- Brief -
Only the lines from the opening of the material through the one containing "ブラックボディ 1&frasl;4000秒 #カメラ" should be reproduced, each exactly as it stands.
▶
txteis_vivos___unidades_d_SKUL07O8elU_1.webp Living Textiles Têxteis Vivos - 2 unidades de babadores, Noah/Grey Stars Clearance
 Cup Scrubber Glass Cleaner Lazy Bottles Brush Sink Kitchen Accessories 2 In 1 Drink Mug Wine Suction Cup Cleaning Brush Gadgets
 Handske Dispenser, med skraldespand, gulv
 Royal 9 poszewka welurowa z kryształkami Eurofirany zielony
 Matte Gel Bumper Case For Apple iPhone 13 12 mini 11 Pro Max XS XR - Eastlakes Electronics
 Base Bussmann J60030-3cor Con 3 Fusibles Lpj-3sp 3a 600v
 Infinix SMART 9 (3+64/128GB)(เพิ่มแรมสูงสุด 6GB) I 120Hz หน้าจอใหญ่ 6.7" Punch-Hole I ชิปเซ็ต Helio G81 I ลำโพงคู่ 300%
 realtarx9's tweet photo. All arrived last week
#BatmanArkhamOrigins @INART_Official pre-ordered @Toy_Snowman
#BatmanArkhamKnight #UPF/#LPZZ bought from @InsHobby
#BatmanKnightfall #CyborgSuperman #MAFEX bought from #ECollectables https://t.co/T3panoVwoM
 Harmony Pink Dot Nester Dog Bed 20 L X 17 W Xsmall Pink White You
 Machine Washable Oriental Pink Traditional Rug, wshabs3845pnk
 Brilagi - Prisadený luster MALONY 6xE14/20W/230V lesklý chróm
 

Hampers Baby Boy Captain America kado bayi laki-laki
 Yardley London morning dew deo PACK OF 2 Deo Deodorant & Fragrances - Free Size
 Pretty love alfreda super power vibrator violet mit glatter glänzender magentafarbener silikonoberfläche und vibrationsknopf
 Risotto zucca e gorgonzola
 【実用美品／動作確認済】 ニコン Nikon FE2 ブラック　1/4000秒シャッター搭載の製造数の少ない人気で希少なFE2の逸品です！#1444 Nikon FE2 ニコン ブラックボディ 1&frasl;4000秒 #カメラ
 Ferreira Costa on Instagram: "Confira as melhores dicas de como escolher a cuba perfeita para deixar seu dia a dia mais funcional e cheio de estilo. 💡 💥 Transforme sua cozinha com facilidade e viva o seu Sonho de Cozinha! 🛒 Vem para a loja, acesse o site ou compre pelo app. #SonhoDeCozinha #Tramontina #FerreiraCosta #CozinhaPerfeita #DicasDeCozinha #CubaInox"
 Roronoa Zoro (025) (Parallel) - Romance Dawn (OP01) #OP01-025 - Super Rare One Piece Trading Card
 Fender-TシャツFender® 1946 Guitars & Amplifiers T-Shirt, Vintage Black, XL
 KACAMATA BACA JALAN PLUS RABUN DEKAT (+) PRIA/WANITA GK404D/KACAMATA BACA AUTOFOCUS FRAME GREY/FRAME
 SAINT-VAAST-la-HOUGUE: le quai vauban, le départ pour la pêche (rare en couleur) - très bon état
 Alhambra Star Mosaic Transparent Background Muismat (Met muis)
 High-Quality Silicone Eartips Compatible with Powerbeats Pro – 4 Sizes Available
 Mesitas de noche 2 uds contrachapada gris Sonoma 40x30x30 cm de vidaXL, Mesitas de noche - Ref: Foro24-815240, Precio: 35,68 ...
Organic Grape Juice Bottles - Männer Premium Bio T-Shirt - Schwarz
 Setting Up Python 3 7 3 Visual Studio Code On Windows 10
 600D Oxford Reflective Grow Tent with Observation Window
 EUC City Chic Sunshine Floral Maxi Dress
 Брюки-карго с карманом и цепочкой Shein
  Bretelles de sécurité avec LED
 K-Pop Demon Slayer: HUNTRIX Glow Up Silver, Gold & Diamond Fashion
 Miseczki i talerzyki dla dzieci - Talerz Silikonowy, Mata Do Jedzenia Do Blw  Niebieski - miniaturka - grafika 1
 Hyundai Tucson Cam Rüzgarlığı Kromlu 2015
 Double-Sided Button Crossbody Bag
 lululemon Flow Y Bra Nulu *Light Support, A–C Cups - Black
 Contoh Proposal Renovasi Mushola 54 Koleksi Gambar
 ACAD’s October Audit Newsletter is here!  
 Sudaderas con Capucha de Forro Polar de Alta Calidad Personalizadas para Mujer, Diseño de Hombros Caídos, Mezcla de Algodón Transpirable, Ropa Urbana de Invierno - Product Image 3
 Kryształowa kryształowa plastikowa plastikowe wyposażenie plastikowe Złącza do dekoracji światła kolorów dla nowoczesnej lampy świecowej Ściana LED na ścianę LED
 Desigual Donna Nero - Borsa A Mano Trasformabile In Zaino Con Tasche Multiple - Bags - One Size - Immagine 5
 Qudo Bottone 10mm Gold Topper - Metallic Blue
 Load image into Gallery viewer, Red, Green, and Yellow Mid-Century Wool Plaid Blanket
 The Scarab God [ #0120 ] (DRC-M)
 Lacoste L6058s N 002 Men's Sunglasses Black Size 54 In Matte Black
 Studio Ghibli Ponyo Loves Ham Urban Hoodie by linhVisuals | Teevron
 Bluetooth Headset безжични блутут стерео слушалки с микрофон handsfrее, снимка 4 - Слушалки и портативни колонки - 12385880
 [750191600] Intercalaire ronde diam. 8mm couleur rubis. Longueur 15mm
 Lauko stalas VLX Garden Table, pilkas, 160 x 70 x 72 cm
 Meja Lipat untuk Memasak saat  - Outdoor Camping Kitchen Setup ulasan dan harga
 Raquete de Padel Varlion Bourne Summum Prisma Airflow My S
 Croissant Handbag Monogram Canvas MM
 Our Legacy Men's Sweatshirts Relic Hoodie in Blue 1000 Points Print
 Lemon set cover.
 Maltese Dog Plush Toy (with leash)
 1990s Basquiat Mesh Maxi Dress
◀
- Answer box -
txteis_vivos___unidades_d_SKUL07O8elU_1.webp Living Textiles Têxteis Vivos - 2 unidades de babadores, Noah/Grey Stars Clearance
 Cup Scrubber Glass Cleaner Lazy Bottles Brush Sink Kitchen Accessories 2 In 1 Drink Mug Wine Suction Cup Cleaning Brush Gadgets
 Handske Dispenser, med skraldespand, gulv
 Royal 9 poszewka welurowa z kryształkami Eurofirany zielony
 Matte Gel Bumper Case For Apple iPhone 13 12 mini 11 Pro Max XS XR - Eastlakes Electronics
 Base Bussmann J60030-3cor Con 3 Fusibles Lpj-3sp 3a 600v
 Infinix SMART 9 (3+64/128GB)(เพิ่มแรมสูงสุด 6GB) I 120Hz หน้าจอใหญ่ 6.7" Punch-Hole I ชิปเซ็ต Helio G81 I ลำโพงคู่ 300%
 realtarx9's tweet photo. All arrived last week
#BatmanArkhamOrigins @INART_Official pre-ordered @Toy_Snowman
#BatmanArkhamKnight #UPF/#LPZZ bought from @InsHobby
#BatmanKnightfall #CyborgSuperman #MAFEX bought from #ECollectables https://t.co/T3panoVwoM
 Harmony Pink Dot Nester Dog Bed 20 L X 17 W Xsmall Pink White You
 Machine Washable Oriental Pink Traditional Rug, wshabs3845pnk
 Brilagi - Prisadený luster MALONY 6xE14/20W/230V lesklý chróm
 

Hampers Baby Boy Captain America kado bayi laki-laki
 Yardley London morning dew deo PACK OF 2 Deo Deodorant & Fragrances - Free Size
 Pretty love alfreda super power vibrator violet mit glatter glänzender magentafarbener silikonoberfläche und vibrationsknopf
 Risotto zucca e gorgonzola
 【実用美品／動作確認済】 ニコン Nikon FE2 ブラック　1/4000秒シャッター搭載の製造数の少ない人気で希少なFE2の逸品です！#1444 Nikon FE2 ニコン ブラックボディ 1&frasl;4000秒 #カメラ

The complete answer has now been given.